The pseudonym "Philo Vaihinger" has been abandoned. All posts have been and are written by me, Joseph Auclair.
Tuesday, October 2, 2012
Another form of realism
"Of men we know and of the gods we believe that by a law of their nature the strong do as they can and the weak do as they must."
- The Athenian representative, the Melian Debate, The Peloponnesian War, Thucydides.
In another post I said that by “political realism” some understand the doctrine that nations, institutions, groups, and even individual political agents seek power and only power for its own sake.
A different understanding is that in the selection and pursuit of their ends humans are overwhelmingly indifferent to others of their kind and neither morals nor religion are significant independent constraints on individual or collective human action.
Or, anyway, not very significant.
Sometimes this is expressed by saying political agents are concerned to protect and advance only their own interests, due allowance - if any - made for personal relations, exceptions, and loyalties - if any.
That is to say, those who count on religion or morals to deter crime in a pinch are reckoning without the strength of incredulity, the flimsiness of faith, and the ability of all but the most unfortunate and hoodwinked to shape their beliefs of either kind – and sometimes those of others – to suit themselves.
Hence, given inequalities of power, the strong ride roughshod over the weak or “the strong do as they can and the weak do as they must.”
Hence the destruction of Blanche DuBois (in Tennessee Williams’ A Streetcar Named Desire), whose rule of life she expressed thus: “I have always relied on the kindness of strangers.”
Hence the importance to all religions marked by lasting popular success of myths of rewards and punishments in an afterlife, by no means coincidentally including severe punishments for disbelief.
And hence the dose of truth in Thrasymachus’ sophist maxim (in Plato, The Republic), “Justice is the interest of the stronger.”
All the same, the strengths of this sort of view can be over-stated.
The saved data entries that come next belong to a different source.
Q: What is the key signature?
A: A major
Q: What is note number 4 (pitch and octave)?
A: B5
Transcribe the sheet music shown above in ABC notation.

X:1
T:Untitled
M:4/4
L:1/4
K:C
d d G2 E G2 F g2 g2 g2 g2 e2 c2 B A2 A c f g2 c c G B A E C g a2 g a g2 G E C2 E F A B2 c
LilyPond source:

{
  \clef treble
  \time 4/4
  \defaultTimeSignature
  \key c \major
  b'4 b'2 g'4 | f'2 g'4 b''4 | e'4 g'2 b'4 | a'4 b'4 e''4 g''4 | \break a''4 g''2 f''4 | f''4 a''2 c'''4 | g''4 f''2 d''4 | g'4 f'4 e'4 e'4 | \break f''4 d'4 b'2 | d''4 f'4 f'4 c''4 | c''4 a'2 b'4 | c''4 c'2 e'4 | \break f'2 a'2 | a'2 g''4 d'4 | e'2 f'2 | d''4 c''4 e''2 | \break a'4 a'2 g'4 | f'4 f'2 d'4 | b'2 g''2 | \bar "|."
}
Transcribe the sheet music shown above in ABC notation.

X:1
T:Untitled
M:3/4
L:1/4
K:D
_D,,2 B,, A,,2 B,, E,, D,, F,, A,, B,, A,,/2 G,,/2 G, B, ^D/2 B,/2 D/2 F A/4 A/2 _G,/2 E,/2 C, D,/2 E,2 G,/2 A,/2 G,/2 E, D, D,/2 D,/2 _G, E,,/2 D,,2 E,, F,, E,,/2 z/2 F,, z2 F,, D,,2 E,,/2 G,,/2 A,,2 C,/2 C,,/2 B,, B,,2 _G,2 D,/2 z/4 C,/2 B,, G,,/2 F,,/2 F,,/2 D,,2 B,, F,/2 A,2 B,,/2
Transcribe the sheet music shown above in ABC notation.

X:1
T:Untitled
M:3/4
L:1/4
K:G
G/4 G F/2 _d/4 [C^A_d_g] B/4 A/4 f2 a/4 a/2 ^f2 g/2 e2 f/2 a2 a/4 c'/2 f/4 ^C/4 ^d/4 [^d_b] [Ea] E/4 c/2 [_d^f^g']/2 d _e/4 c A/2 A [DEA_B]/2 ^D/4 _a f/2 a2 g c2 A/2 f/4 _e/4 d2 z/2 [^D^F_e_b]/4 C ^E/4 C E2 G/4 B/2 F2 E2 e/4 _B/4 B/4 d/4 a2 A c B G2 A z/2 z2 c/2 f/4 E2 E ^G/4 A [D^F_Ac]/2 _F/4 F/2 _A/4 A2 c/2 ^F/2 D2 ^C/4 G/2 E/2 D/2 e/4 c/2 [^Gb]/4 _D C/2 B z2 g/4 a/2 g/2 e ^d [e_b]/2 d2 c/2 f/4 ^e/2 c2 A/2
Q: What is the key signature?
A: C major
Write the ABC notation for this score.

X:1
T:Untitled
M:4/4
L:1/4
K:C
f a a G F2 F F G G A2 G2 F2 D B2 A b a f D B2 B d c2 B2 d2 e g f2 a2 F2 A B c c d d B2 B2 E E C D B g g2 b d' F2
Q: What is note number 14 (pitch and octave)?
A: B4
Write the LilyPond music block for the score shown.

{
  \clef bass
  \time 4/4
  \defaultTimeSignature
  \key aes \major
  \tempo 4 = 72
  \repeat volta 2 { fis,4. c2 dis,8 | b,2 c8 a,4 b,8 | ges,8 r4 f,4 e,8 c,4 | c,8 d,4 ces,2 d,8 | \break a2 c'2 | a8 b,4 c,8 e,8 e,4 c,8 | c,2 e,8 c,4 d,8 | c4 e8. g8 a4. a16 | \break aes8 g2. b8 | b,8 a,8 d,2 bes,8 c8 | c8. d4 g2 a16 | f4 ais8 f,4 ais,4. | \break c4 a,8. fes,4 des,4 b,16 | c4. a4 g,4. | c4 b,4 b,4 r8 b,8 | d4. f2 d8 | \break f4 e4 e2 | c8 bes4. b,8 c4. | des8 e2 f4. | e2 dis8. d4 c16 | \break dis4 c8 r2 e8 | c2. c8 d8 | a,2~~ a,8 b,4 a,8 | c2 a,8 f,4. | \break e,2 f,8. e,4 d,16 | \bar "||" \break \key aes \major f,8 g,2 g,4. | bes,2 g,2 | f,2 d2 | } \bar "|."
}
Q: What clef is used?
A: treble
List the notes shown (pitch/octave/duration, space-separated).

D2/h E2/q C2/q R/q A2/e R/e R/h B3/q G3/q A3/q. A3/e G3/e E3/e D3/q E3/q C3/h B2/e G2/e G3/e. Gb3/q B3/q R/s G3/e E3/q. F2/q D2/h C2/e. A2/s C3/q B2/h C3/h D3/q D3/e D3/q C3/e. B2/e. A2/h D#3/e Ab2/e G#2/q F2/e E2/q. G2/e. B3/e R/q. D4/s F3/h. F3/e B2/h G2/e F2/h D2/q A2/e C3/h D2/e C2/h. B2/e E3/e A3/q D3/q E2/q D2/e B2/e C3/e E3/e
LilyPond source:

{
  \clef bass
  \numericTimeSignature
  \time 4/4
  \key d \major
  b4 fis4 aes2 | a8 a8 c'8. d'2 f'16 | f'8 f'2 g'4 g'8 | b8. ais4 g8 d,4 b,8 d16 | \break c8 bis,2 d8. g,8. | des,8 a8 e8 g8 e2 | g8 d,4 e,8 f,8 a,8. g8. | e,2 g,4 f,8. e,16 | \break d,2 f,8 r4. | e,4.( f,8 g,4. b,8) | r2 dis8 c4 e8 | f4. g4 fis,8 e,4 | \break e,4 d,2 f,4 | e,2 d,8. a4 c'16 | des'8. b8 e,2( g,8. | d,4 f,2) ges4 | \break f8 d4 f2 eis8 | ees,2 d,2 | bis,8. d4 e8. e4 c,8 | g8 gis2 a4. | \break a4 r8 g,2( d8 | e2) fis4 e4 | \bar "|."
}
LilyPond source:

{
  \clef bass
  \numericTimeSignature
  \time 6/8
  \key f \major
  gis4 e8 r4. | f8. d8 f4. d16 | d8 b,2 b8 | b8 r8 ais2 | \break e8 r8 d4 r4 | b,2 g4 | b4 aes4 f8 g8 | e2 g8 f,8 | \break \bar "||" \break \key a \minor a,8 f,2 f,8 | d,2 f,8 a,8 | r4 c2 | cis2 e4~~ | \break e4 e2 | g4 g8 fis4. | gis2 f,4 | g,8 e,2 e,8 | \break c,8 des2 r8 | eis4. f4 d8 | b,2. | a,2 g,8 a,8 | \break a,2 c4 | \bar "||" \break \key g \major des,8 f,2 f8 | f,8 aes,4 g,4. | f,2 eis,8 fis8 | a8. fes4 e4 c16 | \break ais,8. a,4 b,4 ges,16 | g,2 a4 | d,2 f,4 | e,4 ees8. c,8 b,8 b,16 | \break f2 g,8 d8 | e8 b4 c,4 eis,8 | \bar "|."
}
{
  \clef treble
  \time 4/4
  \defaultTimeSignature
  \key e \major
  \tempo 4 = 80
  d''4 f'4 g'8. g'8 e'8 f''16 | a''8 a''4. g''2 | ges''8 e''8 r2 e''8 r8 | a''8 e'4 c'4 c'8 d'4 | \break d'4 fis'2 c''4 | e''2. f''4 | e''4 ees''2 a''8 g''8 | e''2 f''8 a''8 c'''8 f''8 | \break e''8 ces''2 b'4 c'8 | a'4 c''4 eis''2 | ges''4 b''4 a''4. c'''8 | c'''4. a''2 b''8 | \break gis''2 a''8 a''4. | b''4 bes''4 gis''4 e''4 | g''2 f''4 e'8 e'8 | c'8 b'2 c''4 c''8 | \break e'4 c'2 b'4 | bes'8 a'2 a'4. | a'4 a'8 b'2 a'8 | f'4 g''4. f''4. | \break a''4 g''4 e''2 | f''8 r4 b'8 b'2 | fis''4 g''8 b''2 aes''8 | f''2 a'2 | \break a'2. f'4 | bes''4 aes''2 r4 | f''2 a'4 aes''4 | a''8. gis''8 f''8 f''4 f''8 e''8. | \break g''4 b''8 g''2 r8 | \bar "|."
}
Those who dispute how far the Crusaders were fighting for God and how far for personal, worldly gain are disputing the same, or anyway a similar, question that could be and has been raised as well with regard to the Jihaders who in successive waves spread Islam across so much of the world.
And on the other hand it is also possible to grossly underestimate human credulity and the power of superstitious fear.